EXERCISE DATA:
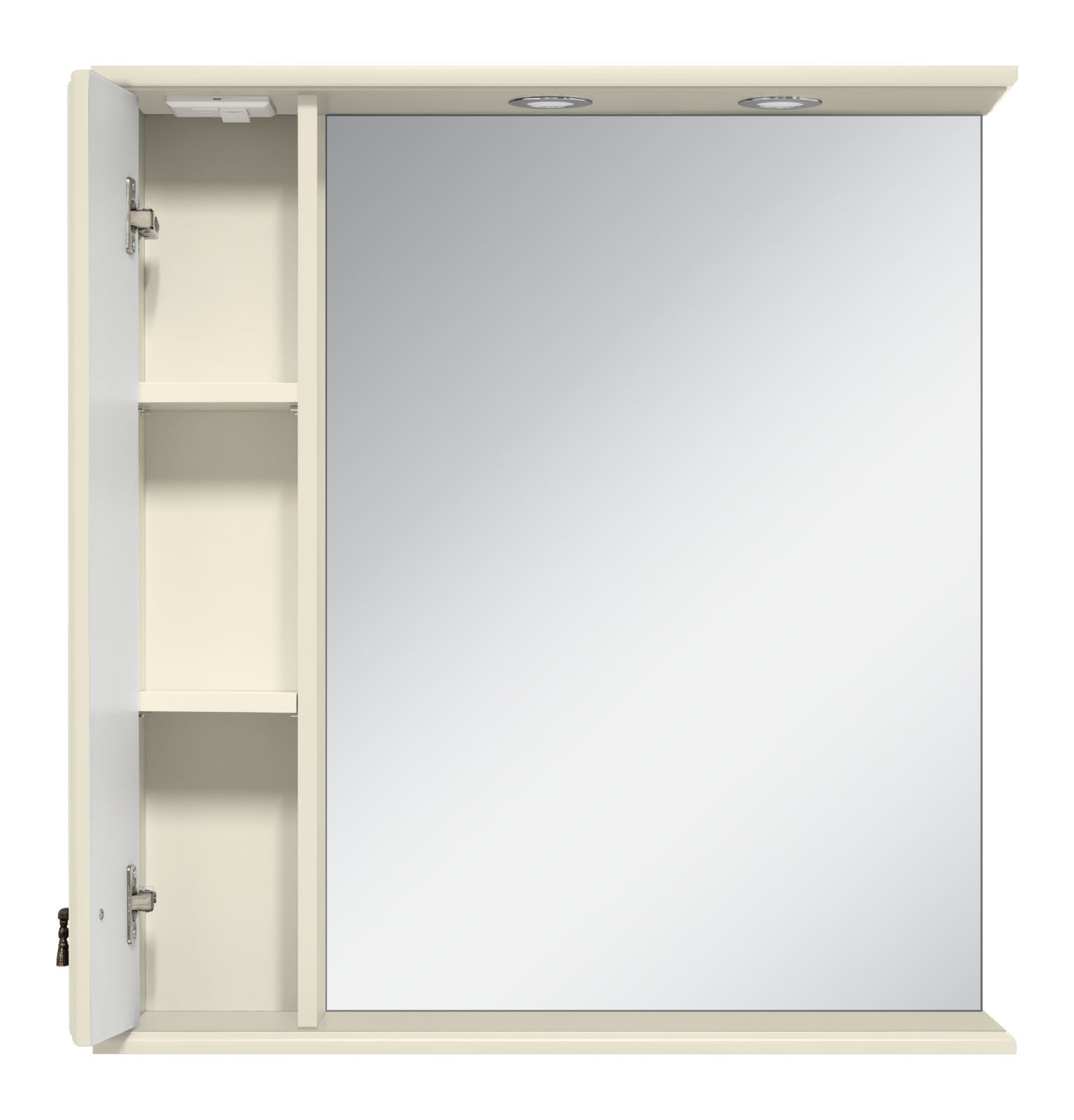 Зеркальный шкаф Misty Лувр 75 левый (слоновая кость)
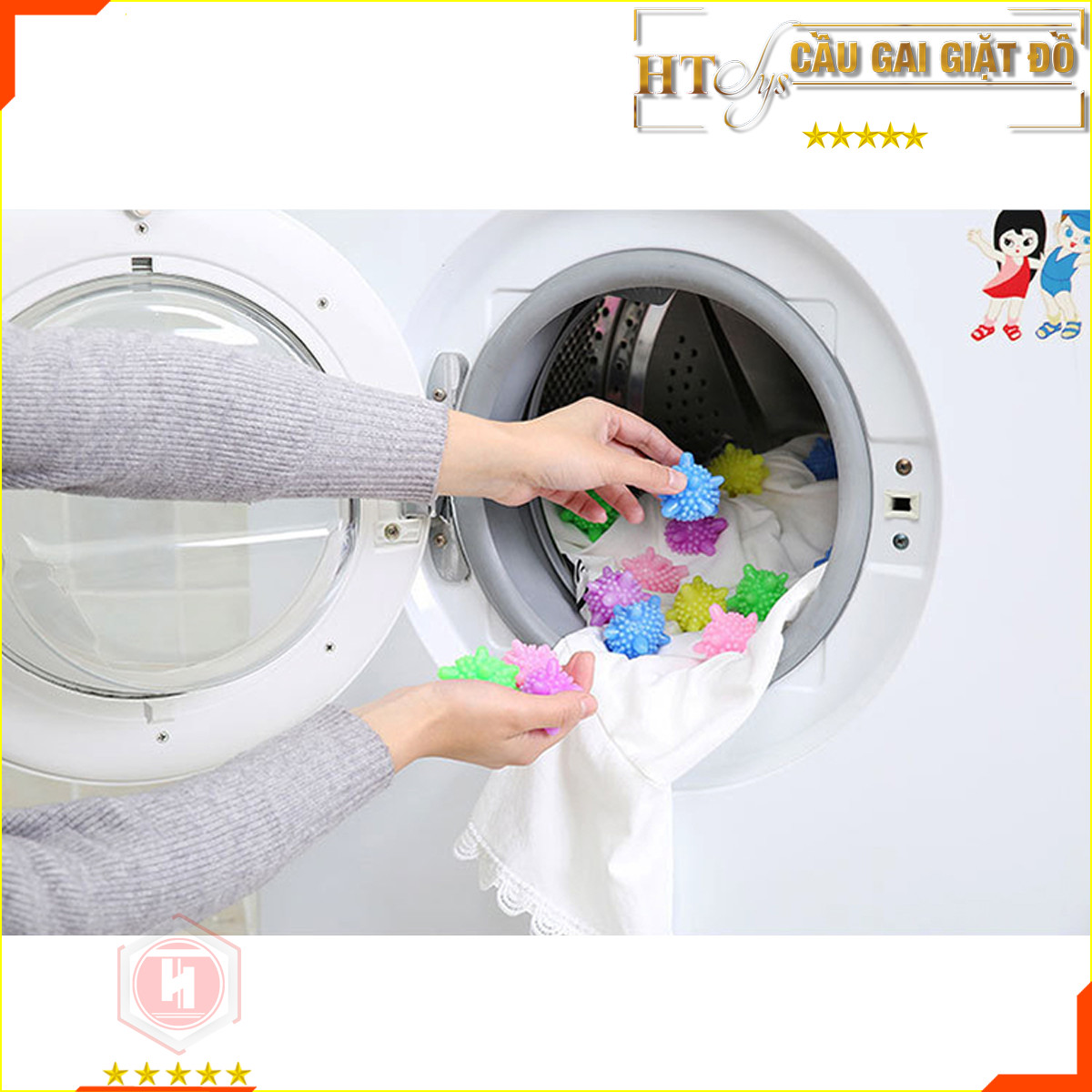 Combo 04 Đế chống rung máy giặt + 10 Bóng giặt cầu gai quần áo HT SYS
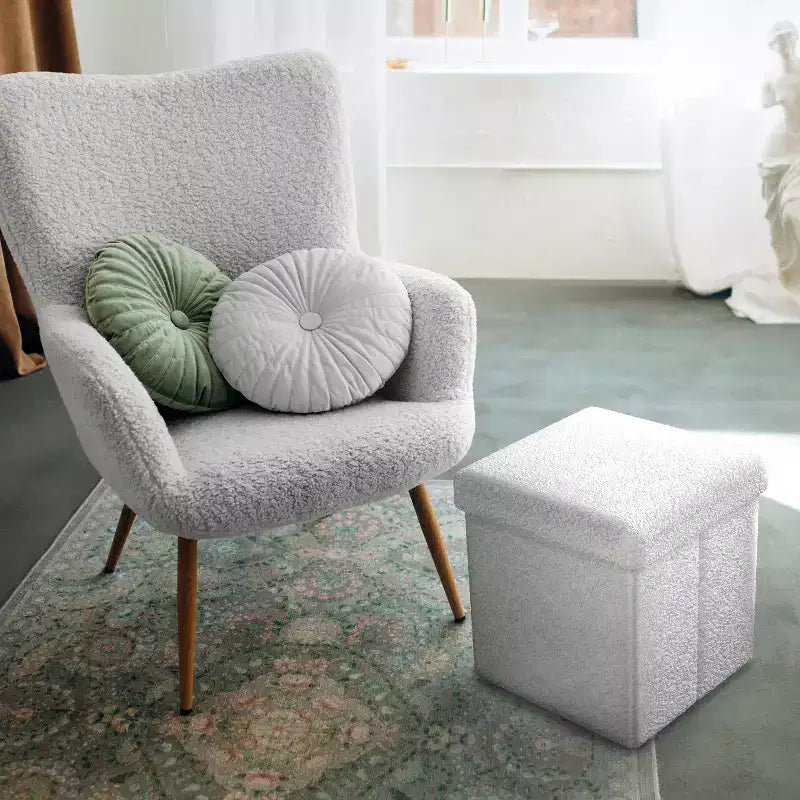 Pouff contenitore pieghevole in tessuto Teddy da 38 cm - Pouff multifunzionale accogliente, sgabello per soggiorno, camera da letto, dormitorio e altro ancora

EXERCISE GOAL:
In your output, repeat the listing above exactly and include none of the pictures.

EXERCISE SOLUTION:
 Зеркальный шкаф Misty Лувр 75 левый (слоновая кость)
 Combo 04 Đế chống rung máy giặt + 10 Bóng giặt cầu gai quần áo HT SYS
 Pouff contenitore pieghevole in tessuto Teddy da 38 cm - Pouff multifunzionale accogliente, sgabello per soggiorno, camera da letto, dormitorio e altro ancora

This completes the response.